*WHAT NEEDS TO BE DONE*:
Search the entries below for "Black", and copy each line where it appears.

[Items from a data source]
____________

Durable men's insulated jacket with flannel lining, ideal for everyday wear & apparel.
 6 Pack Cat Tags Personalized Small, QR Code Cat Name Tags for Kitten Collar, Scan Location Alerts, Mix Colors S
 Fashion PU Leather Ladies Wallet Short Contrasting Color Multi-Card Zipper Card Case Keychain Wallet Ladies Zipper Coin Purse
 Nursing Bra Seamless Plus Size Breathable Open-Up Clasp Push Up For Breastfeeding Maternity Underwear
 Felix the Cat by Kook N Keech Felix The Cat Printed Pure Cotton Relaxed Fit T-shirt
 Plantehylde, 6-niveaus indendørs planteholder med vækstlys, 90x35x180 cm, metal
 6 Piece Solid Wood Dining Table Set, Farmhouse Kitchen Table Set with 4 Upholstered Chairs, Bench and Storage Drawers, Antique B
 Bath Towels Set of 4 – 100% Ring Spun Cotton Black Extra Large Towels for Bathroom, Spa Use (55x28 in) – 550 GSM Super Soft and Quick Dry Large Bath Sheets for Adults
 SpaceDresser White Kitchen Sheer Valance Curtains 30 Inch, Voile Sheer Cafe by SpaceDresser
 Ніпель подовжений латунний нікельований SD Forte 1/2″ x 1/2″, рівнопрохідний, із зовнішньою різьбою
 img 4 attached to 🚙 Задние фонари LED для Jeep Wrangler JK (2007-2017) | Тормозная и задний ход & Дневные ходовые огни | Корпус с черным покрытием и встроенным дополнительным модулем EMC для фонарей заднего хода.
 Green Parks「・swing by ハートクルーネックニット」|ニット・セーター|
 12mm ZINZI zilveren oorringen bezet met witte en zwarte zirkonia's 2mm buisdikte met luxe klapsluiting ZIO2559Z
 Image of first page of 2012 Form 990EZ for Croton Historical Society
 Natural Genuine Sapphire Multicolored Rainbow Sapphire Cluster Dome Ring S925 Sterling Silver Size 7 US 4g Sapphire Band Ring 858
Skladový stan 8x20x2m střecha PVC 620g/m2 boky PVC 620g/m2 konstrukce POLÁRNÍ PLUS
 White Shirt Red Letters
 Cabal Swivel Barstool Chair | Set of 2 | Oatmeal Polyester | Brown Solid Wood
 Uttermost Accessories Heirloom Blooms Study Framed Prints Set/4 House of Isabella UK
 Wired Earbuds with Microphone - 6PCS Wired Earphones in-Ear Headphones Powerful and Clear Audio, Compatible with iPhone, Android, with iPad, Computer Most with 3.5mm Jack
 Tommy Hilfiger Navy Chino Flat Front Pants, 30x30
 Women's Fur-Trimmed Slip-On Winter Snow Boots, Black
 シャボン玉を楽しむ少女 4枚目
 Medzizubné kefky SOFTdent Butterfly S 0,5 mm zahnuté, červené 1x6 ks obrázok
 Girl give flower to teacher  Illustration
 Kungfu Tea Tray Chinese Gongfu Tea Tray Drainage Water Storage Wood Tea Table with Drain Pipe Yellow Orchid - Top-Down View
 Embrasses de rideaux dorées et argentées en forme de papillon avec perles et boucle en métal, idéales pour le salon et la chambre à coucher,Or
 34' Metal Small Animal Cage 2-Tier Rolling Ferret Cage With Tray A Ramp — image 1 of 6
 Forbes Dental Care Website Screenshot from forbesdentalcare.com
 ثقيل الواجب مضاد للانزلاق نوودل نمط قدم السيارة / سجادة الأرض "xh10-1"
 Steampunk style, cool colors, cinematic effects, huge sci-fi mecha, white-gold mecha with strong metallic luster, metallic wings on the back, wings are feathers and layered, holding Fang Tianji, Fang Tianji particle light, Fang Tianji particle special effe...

____________

*THE COMPLETED TASK*:
 Bath Towels Set of 4 – 100% Ring Spun Cotton Black Extra Large Towels for Bathroom, Spa Use (55x28 in) – 550 GSM Super Soft and Quick Dry Large Bath Sheets for Adults
 Women's Fur-Trimmed Slip-On Winter Snow Boots, Black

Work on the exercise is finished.